C’est René Girard qui note souvent dans ses derniers ouvrages comment la christianisation du monde continue, malgré la lente dégradation de l'institution papale. Tout se passe comme si la chrétienté progressait et continuait à marquer le paysage social, alors même que le christianisme est actuellement en déclin. De ce progrès social de l'idée chrétienne, je donnerais deux exemples saisis immédiatement dans l'actualité de notre France la lutte contre les féminicides, qui correspond à la valorisation chrétienne de la femme qui jouit d'une dignité égale à celle de l'homme et la méfiance quasi-générale vis-à-vis du voile islamique qui traduit une relation de soumission des femmes vis-à-vis des hommes que nos Français ne veulent pas admettre. L’exemple que donne Girard lui-même de ce progrès constant de la christianisation des mentalités, malgré la crise de l'institution est plus délicat à interpréter, mais il est central : il s’agit du processus de victimisation. Pour Girard, c'est le Christ mort sur la croix, le Christ et personne d'autre qui manifeste, jusque dans sa propre personne, l'innocence des victimes et la culpabilité des lyncheurs.

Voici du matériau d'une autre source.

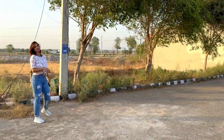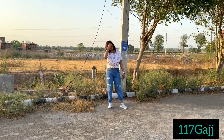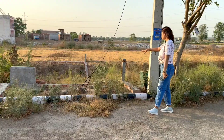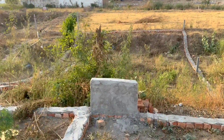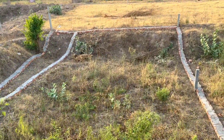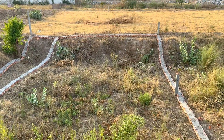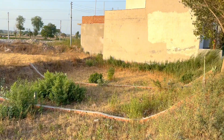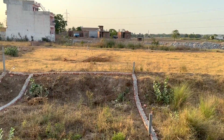Thank you so much for joining us today. This will be the corner of the plot, which will be 21.5 by 49, which is a good inventory because you want the corner of the plot. Majorly, I know the inquiries say that the corner of the plot is a requirement. So this will be a very limited inventory at the corner of the plot.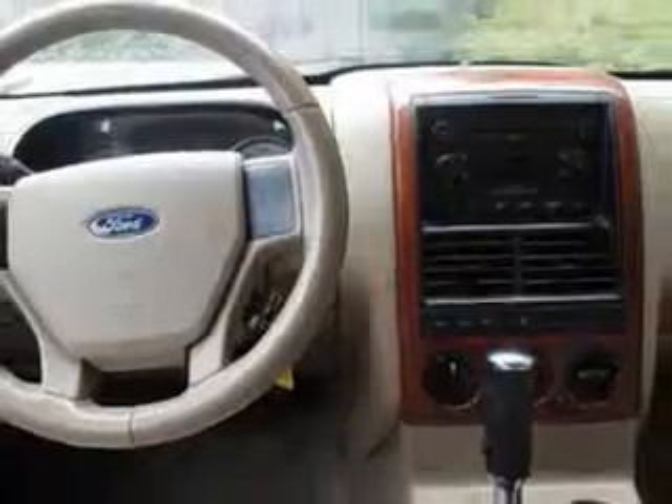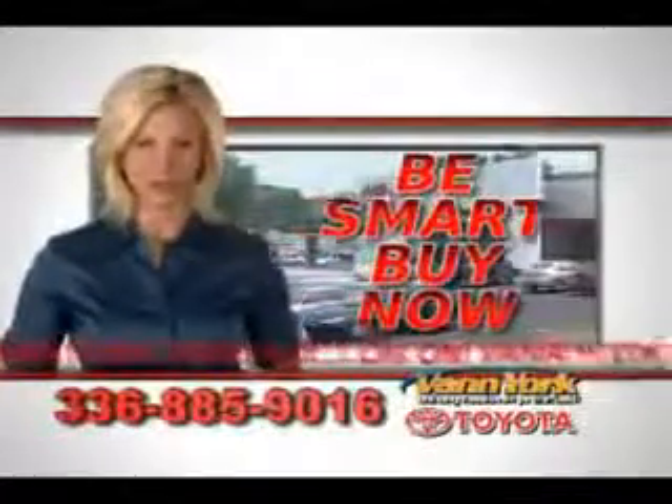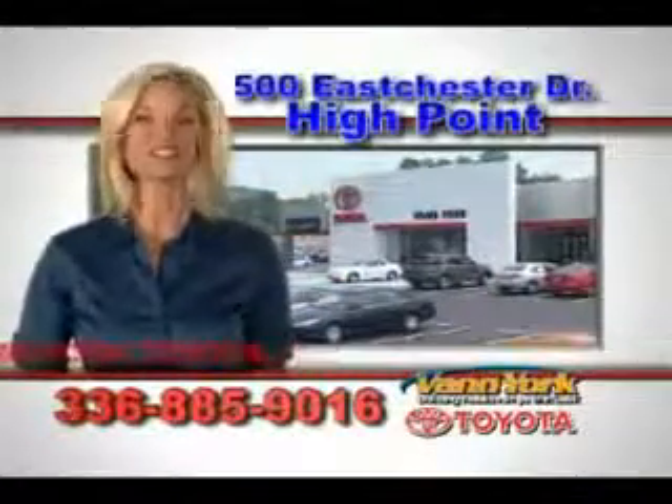Enjoy the drive, feel safe, and have peace of mind in this '07 Ford Explorer. See us at Van York Toyota today. Be smart and buy now at Van York Toyota — Van York, building relationships that last.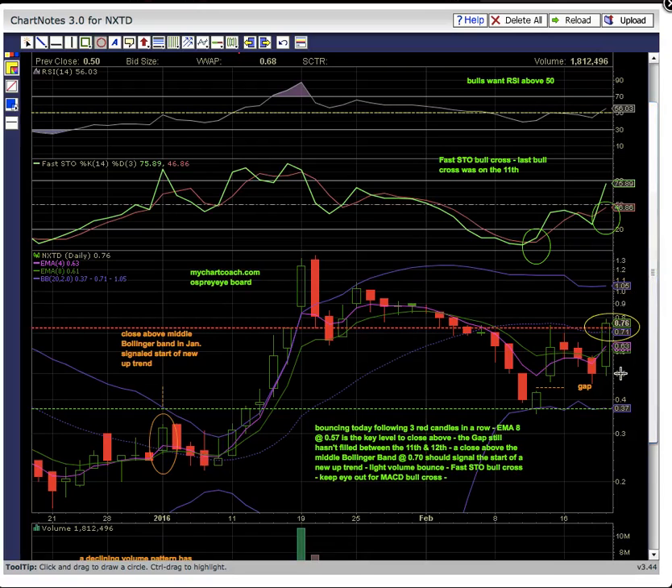If the middle Bollinger Band fails to turn into support, that is going to put this gap fill back on deck. The share price did break out without filling the gap, so there is some unfinished business on the chart. The chart would be stronger if there wasn't the gap, so that's just something to keep an eye on if the chart does break down.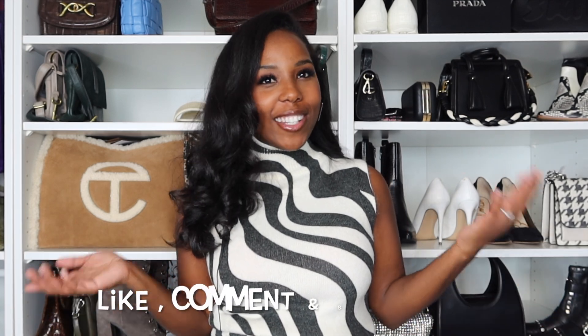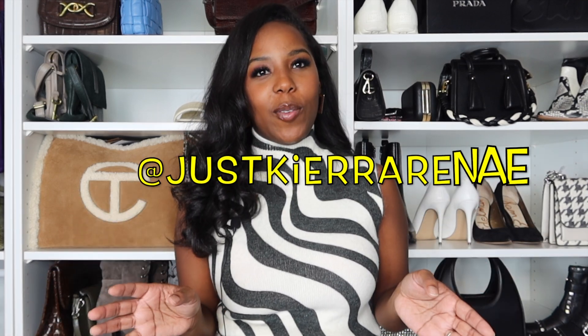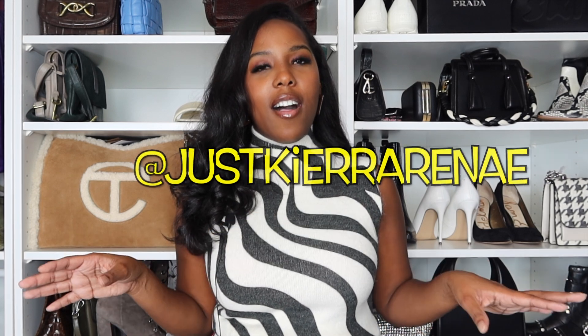Hi guys, welcome to the channel. I am Kiera — if you are new here, welcome! Make sure you click that like and subscribe button, as your girl would love to have you here as part of the family. Leave me a comment, and follow me over on Instagram, TikTok, Facebook — all of the things. My handle is just Kiera Renee on all platforms, including here on YouTube.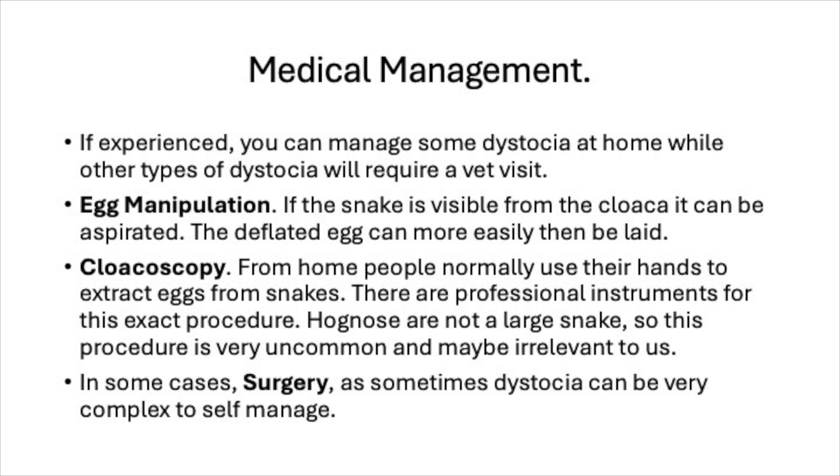The second form of management is cloacoscopy. From home, people normally use their hands to extract eggs from snakes. There are professional instruments for this exact procedure, but hognose are not large enough for them to be practical — in fact, even inserting a finger into the cloaca can really harm a hognose, given how small they are.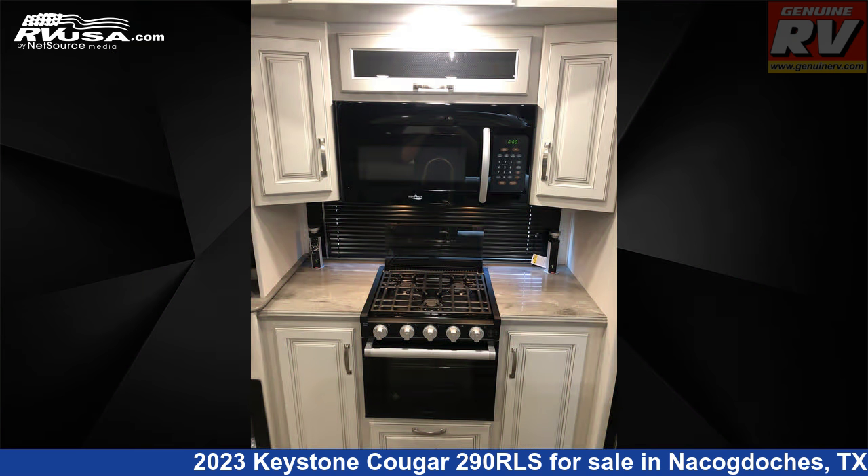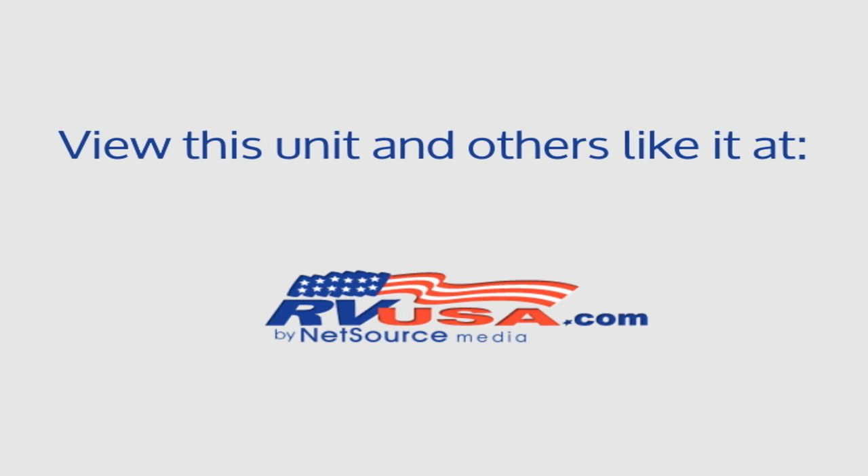For more information and pricing on this unit, and to see all units available for sale by Genuine RV Store, visit rvusa.com.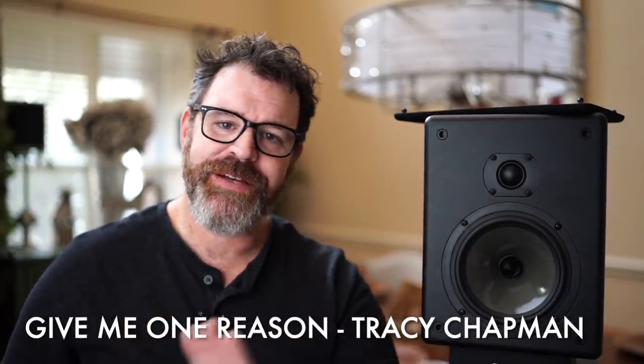Imaging was locked on. The width of soundstage is not this speaker's strong suit; however, depth of soundstage, forward and aft imaging, and placement of instruments in that plane — very good. Give Me One Reason by Tracy Chapman: there was an organ further behind than Tracy Chapman was, so you could feel that she was stepped forward and the organ was behind her. Very good.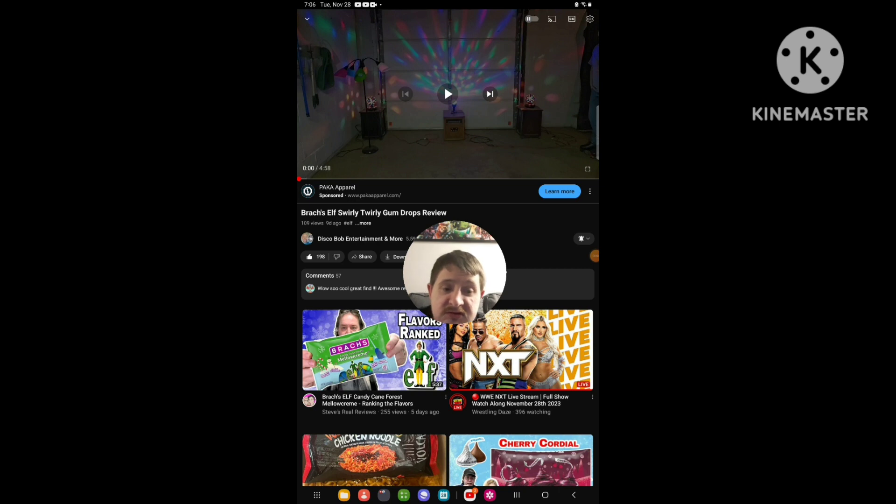Hello everyone, it's here again. Today I'm going to be doing an RPG video again, and this time I'm reacting to Discopolis Entertainment and more — a video that I uploaded 9 days ago. If you're not going to react to it, it's called Branch.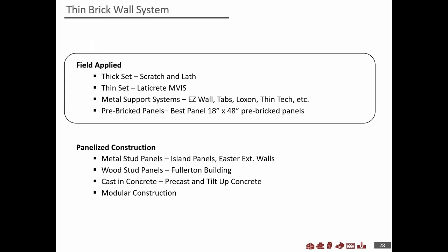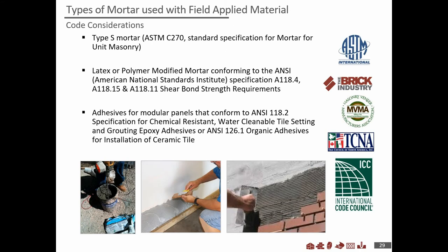Now let's talk wall systems. There are two types: field applied and panelized construction. A critical point on field applied: a common question is what to use to adhere thin brick to a substrate. Type S mortar alone is not recommended. Use a polymer-modified mortar — it has strength characteristics that resist moisture infiltration even if some sneaks behind the wall. It gives much better bond strength and confidence that the material will stay on the wall.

Les processus de victimisation se multiplient dans nos sociétés chrétiennes, avec et plutôt sans Christ. On assiste à une ultra-christianisation, qui répute innocente toute victime. Il suffit dès lors de se faire passer pour une victime pour être innocentée. Chesterton parlait de vertus chrétiennes devenues folles. Ces victimisations deviennent théâtrales, elles sont ultra-médiatisées. Ainsi en fut-il de Fatima la femme voilée dont l'élu RN Julien Odoul s'était offusqué de la présence, dans l’enceinte d'une assemblée régionale elle a eu l'aplomb, en bonne victime, d'articuler « Ils ont détruit ma vie », alors que personne n'avait rien détruit du tout. L'ultra-médiatisation de cet épisode montre un processus de victimisation, sans proportion avec l'incident qui l'a fait naître. Cette histoire, où intervient immédiatement un membre du CCIF (association anti-islamophobe est typique du jeu de la minorité islamiste, animée d'ailleurs par une stratégie internationale. On sait, en effet, les liens obscurs qui unissent le CCIF et les Frères musulmans. On comprend, sans le moindre procès d'intention, que l'épisode remastérisé par des pros de la communication, passant en boucle pendant 48 H sur toutes les télés, doit conduire à pleurer ensemble sur une victime autoproclamée, qui était en fait à la limite de la légalité.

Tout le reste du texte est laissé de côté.